• Task statement
Entries follow. Give back exactly the lines starting at the one containing "Opel Ailesi Tam Kadro Sahada" and ending at the one containing "Ateliê de Guita", and no other lines.

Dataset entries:
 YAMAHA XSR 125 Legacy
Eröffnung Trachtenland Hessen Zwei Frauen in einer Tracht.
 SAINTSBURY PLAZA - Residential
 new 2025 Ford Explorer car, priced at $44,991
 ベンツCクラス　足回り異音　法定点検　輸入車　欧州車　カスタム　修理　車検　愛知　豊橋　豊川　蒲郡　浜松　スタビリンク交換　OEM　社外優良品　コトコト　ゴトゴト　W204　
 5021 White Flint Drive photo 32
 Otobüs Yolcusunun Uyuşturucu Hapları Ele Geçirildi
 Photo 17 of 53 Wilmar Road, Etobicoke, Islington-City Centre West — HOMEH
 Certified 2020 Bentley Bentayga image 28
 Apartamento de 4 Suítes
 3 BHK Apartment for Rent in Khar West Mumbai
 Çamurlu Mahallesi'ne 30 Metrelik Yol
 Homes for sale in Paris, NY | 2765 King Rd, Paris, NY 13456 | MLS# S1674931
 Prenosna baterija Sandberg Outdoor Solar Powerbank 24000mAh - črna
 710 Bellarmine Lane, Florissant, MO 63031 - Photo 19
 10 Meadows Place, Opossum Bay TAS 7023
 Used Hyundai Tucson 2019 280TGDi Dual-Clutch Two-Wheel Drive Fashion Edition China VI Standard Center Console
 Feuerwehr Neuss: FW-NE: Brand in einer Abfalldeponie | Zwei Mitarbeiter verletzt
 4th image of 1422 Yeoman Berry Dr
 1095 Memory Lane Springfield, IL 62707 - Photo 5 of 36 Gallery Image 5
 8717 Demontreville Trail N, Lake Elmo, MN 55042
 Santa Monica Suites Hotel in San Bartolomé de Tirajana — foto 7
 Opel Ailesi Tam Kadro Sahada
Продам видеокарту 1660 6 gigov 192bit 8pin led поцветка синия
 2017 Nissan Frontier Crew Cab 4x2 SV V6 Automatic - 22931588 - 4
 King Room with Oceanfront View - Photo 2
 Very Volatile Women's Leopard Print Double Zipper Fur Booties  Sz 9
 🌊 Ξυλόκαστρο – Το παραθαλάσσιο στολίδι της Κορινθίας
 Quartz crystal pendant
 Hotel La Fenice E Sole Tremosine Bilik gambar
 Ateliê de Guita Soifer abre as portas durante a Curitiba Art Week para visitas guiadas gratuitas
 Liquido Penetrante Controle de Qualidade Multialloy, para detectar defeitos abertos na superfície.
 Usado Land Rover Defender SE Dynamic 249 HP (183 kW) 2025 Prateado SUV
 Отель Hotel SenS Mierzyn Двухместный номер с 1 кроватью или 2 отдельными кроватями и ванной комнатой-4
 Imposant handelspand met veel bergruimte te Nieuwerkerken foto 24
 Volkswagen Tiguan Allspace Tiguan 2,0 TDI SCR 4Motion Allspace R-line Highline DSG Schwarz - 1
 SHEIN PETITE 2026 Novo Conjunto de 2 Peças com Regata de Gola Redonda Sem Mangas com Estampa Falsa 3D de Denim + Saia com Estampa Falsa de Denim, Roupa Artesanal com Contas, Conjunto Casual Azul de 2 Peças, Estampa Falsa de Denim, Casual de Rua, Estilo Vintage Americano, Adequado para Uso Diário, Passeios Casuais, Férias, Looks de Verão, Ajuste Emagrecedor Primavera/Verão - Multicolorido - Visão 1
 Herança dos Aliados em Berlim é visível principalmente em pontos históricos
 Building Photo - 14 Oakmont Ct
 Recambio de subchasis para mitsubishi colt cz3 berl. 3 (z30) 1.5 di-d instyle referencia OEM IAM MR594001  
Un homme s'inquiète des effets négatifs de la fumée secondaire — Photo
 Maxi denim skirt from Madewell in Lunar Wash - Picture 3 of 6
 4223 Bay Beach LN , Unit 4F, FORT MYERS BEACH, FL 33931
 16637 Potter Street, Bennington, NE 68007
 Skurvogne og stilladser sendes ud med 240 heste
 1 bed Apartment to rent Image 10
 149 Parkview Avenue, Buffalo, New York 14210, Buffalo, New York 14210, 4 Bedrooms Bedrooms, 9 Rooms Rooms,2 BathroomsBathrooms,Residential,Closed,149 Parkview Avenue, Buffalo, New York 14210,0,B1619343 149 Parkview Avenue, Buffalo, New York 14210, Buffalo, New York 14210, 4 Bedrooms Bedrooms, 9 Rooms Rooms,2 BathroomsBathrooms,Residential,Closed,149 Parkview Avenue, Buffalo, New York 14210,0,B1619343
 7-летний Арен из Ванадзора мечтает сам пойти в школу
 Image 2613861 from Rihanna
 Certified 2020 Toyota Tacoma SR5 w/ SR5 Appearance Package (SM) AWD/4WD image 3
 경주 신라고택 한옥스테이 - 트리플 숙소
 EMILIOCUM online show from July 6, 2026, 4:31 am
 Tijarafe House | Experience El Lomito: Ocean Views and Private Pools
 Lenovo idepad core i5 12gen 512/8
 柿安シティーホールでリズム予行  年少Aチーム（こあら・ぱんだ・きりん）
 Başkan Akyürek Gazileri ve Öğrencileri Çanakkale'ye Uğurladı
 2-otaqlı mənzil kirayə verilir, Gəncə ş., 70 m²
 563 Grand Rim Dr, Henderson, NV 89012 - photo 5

• Answer below
 Opel Ailesi Tam Kadro Sahada
Продам видеокарту 1660 6 gigov 192bit 8pin led поцветка синия
 2017 Nissan Frontier Crew Cab 4x2 SV V6 Automatic - 22931588 - 4
 King Room with Oceanfront View - Photo 2
 Very Volatile Women's Leopard Print Double Zipper Fur Booties  Sz 9
 🌊 Ξυλόκαστρο – Το παραθαλάσσιο στολίδι της Κορινθίας
 Quartz crystal pendant
 Hotel La Fenice E Sole Tremosine Bilik gambar
 Ateliê de Guita Soifer abre as portas durante a Curitiba Art Week para visitas guiadas gratuitas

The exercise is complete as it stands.